The ionization constant of benzoic acid is $6.46 \times 10^{-5}$ and $\mathrm{Ksp}$ for silver benzoate is $2.5 \times 10^{-13}$. How many times is silver benzoate more soluble in a buffer of pH $3.19$ compared to its solubility in pure water?
Since $\mathrm{pH}=3.19$.
$\left[\mathrm{H}_{3} \mathrm{O}^{+}\right]=6.46 \times 10^{-4} \mathrm{M}$
$\mathrm{C}_{6} \mathrm{H}_{5} \mathrm{COOH}+\mathrm{H}_{2} \mathrm{O} \longleftrightarrow \mathrm{C}_{6} \mathrm{H}_{5} \mathrm{COO}^{-}+\mathrm{H}_{3} \mathrm{O}$
$K_{a} \frac{\left[\mathrm{C}_{6} \mathrm{H}_{5} \mathrm{COO}^{-}\right]\left[\mathrm{H}_{3} \mathrm{O}^{+}\right]}{\left[\mathrm{C}_{6} \mathrm{H}_{5} \mathrm{COOH}\right]}$
$\frac{\left[\mathrm{C}_{6} \mathrm{H}_{5} \mathrm{COOH}\right]}{\left[\mathrm{C}_{6} \mathrm{H}_{5} \mathrm{COO}^{-}\right]}=\frac{\left[\mathrm{H}_{3} \mathrm{O}^{+}\right]}{K_{a}}=\frac{6.46 \times 10^{-4}}{6.46 \times 10^{-5}}=10$
Let the solubility of $\mathrm{C}_{6} \mathrm{H}_{5} \mathrm{COOAg}$ be $x \mathrm{~mol} / \mathrm{L}$
Then,
$\left[\mathrm{Ag}^{+}\right]=x$
$\left[\mathrm{C}_{6} \mathrm{H}_{5} \mathrm{COOH}\right]+\left[\mathrm{C}_{6} \mathrm{H}_{5} \mathrm{COO}^{-}\right]=x$
$10\left[\mathrm{C}_{6} \mathrm{H}_{5} \mathrm{COO}^{-}\right]+\left[\mathrm{C}_{6} \mathrm{H}_{5} \mathrm{COO}^{-}\right]=x$
$\left[\mathrm{C}_{6} \mathrm{H}_{5} \mathrm{COO}^{-}\right]=\frac{x}{11}$
$K_{s p}\left[\mathrm{Ag}^{+}\right]\left[\mathrm{C}_{6} \mathrm{H}_{5} \mathrm{COO}^{-}\right]$
$2.5 \times 10^{-13}=x\left(\frac{x}{11}\right)$
$x=1.66 \times 10^{-6} \mathrm{~mol} / \mathrm{L}$
Thus, the solubility of silver benzoate in a pH $3.19$ solution is $1.66 \times 10^{-6} \mathrm{~mol} / \mathrm{L}$.

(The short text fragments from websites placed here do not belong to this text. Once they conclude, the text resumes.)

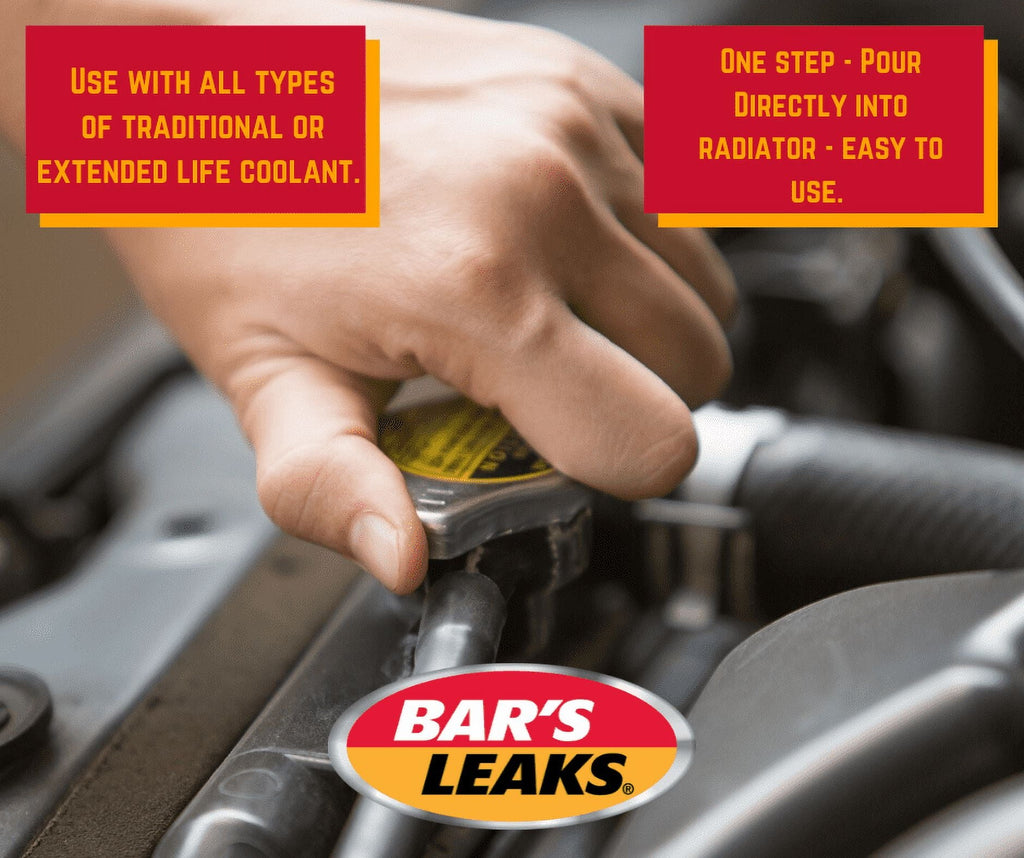 Bar's Leaks Block Seal Liquid Copper Intake & Radiator Stop Leak, 18 oz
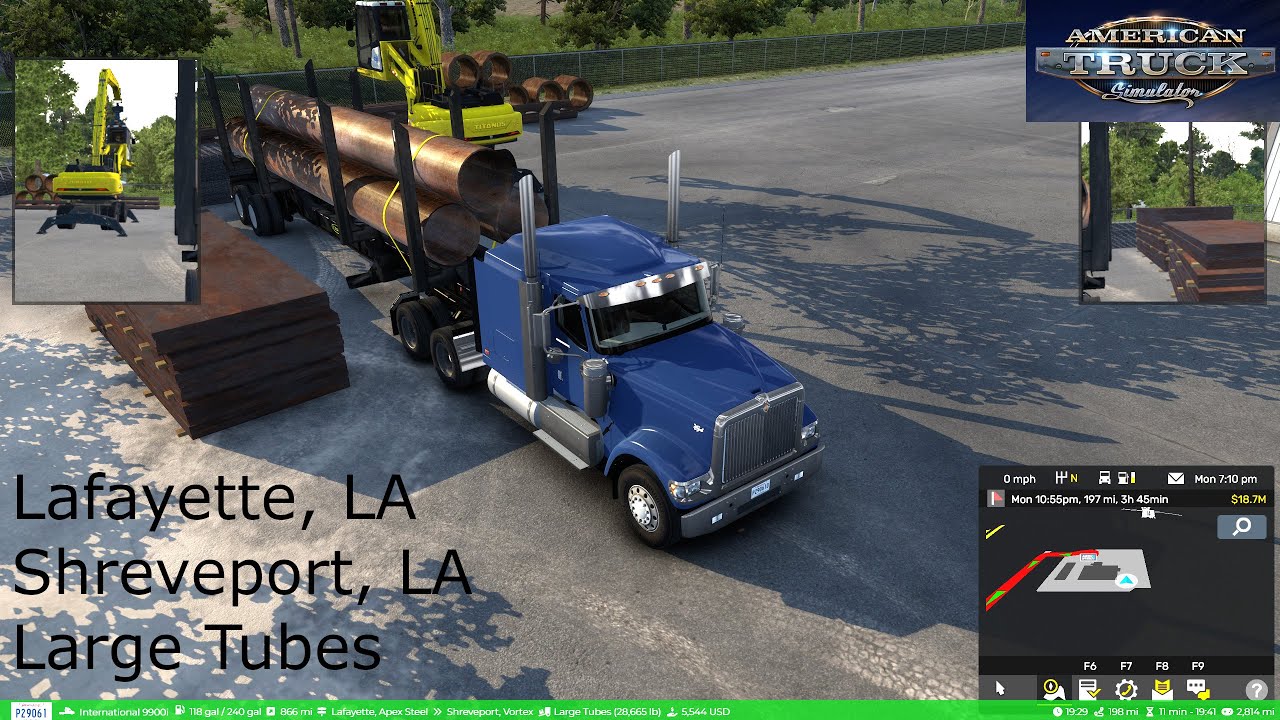 American Truck Simulator - Lafayette, LA - Shreveport, LA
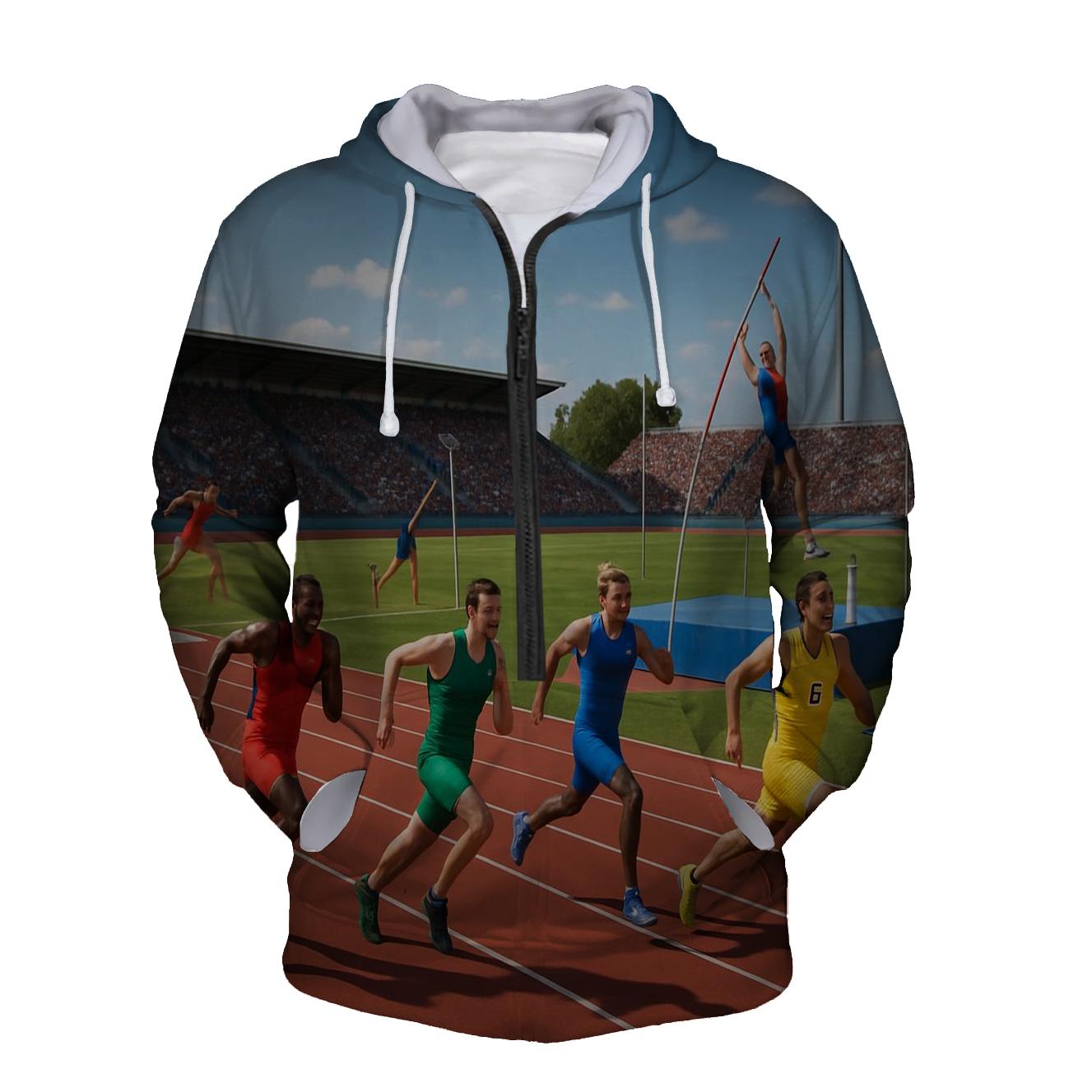 Track and Field Triumph Half Zip Hoodie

Now, let the solubility of $\mathrm{C}_{6} \mathrm{H}_{5} \mathrm{COOAg}$ be $x^{\prime} \mathrm{mol} / \mathrm{L}$.
Then, $\left[\mathrm{Ag}^{+}\right]=x^{\prime} \mathrm{M}$ and $\left[\mathrm{CH}_{3} \mathrm{COO}^{-}\right]=x^{\prime} \mathrm{M} .$
$K_{\text {sp }}=\left[\mathrm{Ag}^{+}\right]\left[\mathrm{CH}_{3} \mathrm{COO}^{-}\right]$
$K_{s p}=\left(x^{\prime}\right)^{2}$
$x^{\prime}=\sqrt{K_{s p}}=\sqrt{2.5 \times 10^{-13}}=5 \times 10^{-7} \mathrm{~mol} / \mathrm{L}$
$\therefore \frac{x}{x^{\prime}}=\frac{1.66 \times 10^{-6}}{5 \times 10^{-7}}=3.32$
Hence, $\mathrm{C}_{6} \mathrm{H}_{5} \mathrm{COOAg}$ is approximately $3.317$ times more soluble in a low pH solution.